◆ **Task item**
Transcribe exactly the span of lines that begins the records and ends with the line holding "The zygote divided", both boundary lines included.
(Beginning of Supplied records)
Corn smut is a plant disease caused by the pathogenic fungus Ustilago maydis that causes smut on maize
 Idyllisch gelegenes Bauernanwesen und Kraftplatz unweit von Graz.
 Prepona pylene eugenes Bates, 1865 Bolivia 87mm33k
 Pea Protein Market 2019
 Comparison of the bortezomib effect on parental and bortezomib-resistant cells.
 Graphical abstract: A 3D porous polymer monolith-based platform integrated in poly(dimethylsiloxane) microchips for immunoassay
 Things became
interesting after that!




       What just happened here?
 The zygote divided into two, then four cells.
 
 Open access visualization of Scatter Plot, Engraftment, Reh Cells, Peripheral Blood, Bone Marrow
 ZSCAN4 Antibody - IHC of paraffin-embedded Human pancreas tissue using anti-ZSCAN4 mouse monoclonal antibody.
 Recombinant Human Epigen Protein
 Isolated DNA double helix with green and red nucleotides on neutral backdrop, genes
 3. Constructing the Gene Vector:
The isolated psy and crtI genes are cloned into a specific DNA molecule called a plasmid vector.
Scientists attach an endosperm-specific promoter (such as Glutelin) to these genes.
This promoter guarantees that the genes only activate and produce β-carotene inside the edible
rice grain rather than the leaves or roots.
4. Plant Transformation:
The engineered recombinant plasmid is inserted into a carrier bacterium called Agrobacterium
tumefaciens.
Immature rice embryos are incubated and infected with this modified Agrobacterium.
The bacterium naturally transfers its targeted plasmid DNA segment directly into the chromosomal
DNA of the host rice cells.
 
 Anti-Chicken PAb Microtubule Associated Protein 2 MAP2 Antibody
(End of Supplied records)
◆ **Expected answer**
Corn smut is a plant disease caused by the pathogenic fungus Ustilago maydis that causes smut on maize
 Idyllisch gelegenes Bauernanwesen und Kraftplatz unweit von Graz.
 Prepona pylene eugenes Bates, 1865 Bolivia 87mm33k
 Pea Protein Market 2019
 Comparison of the bortezomib effect on parental and bortezomib-resistant cells.
 Graphical abstract: A 3D porous polymer monolith-based platform integrated in poly(dimethylsiloxane) microchips for immunoassay
 Things became
interesting after that!




       What just happened here?
 The zygote divided into two, then four cells.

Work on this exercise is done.